To add to my cycling emotions of rage, pain, and powerlessness, there came a note of self-contempt: I understood a time would come, maybe quite soon, when I would walk past this new hideousness and—without exactly ignoring it, without exactly accepting it—realize I’d become accustomed to its presence. Accustomed to the murder of a friend!

This was already happening when I returned to the scene of the crime in late spring. I completed my old walk—west to east. And where I’d stopped dead in my tracks before, now I went along the winding path from the concrete wall toward the corner of Bleecker and Mercer. I noted half-heartedly that NYU or the Paulson Center’s architects had tried to keep the old setback from the corner, but the city had put up a barricade of Citi Bike docks where a walker used to have the freedom to cut a diagonal path across the grid. I looked into one of the building’s many lobbies, a cross between an auto dealer’s showroom, an office park, and an airport lounge. My autopsy was nearly complete. If you consciously cropped out the cantilevers and concentrated on surfaces and stared at it with an eye jaded by, say, a habitual experience of Hudson Yards, the Center started to look almost okay.

Even though the northeast corner of Paulson grubs up against the eastern Pei-Freed tower, it also seems to be trying to harmonize with it. The rippling reflections of the buildings of Washington Square Village on the other side of Bleecker, in the light of a clear May evening, almost make you feel like the Paulson Center’s purpose is to act as a giant, vertical reflecting pool, an expensive bathroom medicine cabinet with a mirror. That impression wouldn’t be wholly wrong: For all the mismatched, “casual,” stacked-box aesthetics and all those fake hatchways that look like open windows but aren’t, the Paulson Center is mostly just a flat, two-dimensional building, in the way that MFA workshops speak of “flat” characters. It’s like a person with no inner life. It confuses mirroring with openness.

Which brings us back to the idea of a university and the idea of a city that the building betrays. Both the city and the university, in different ways, were supposed to have been dedicated—at least in the modern era—to cultivating and sustaining people’s various and multifaceted inwardness. This is done for its own sake but also to better allow us to practice a public-facing outwardness that does not lead us to shove our fellow human beings in front of onrushing subway trains; freeze into apathy in the face of others’ suffering; answer cries of pain and anger with zip ties, pepper spray, and riot gear; or refuse to countenance expressions of inwardness different from our own.

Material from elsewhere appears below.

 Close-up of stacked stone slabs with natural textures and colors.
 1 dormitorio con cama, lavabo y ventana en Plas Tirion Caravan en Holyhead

A civilization that creates only flat surfaces and screens and calls it, as the architects of the Paulson Center do with Orwellian doublespeak, “an eclectic mix of spaces … designed to encourage connections and community engagement” has forgotten how both individuals and cities thrive. As a vision of the city and the world, it has little to recommend it—and probably can’t last much longer. It doesn’t matter how many police are on the subway platforms or stationed on the campuses of our universities.

Marco Roth is a lifelong New Yorker, even if Wikipedia still says he lives in Philadelphia.